As mentioned in my last commentary of 2023, the economic fear over what may happen in that region relates to the potential for a conflict that goes far beyond the Israel and Hamas clash to a wider war involving Iran and its allies, which could trigger such things as materially higher oil prices.

The situation has deteriorated on the back of attacks on commercial shipping in the Red Sea by Yemen’s Iran-backed Houthi movement, which has brought about US-led military responses.

The Houthis are adamant they will continue their attacks while the Gaza conflict persists, and the US is equally determined to stop them as evidenced by a series of strikes on the Houthis as well as other Iran-backed groups. A cycle of tit-for-tat exchanges appears to be locked in across the region.

Around 40% of Asia-Europe trade normally goes through the Red Sea, including a vast amount of energy supplies, food products, and consumer goods, as does about 30% of global container traffic.1

However, because of the attacks, some of the world’s largest container shipping companies have been rerouting traffic to longer journeys around Africa, bypassing the Red Sea, causing delays, and raising global shipping costs.


Red Sea attacks have caused big rises in shipping costs

Change in maritime fright rates in major trade lanes in a week


As of 3 January 2023
Chart: Edwin Lopez/Supply Chain Drive
Source: Freightos

Events are in charge. The rest of us are bystanders.

That said, inflation in major economies has eased2 from the heights of 2022 but the fight is far from over and price pressures stemming from disruptions to global trade may complicate central banks’ task.

Over the past year, there have been times when financial markets have, in our view, displayed wishful thinking, somehow imagining that the desire for an end to hikes in official interest rates, and even hopes for cuts, would somehow bring about change.
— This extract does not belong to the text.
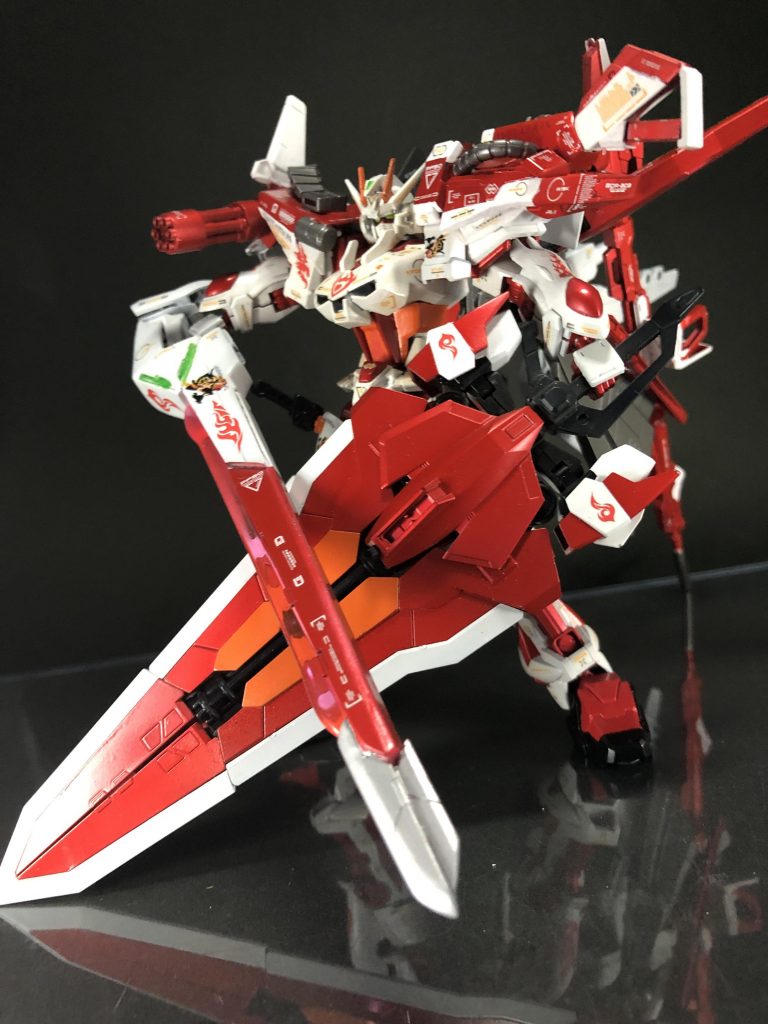 こんなのもいいのでは…!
All the while, central banks have been steadfast in the fight against inflation.

We will continue to be guided by evidence and remain on guard against such views, which can lead to short-term thinking and behaviours resulting in unwise changes in portfolio positioning.

All of this underscores the power of geopolitical dynamics to influence financial markets and economies.

Relationship between global trade exposure and US political polarisation

I also want to touch on US politics, albeit by approaching the subject from a different angle – the relationship between rising trade exposure and US political polarisation.

In doing so, I am indebted to a 2020 paper from four academics3 who conclude that import competition has contributed to the polarisation of US politics by ‘…expanding support for both strong-left and strong-right views, and pure rightward shifts in others’4 in trade exposed electoral districts.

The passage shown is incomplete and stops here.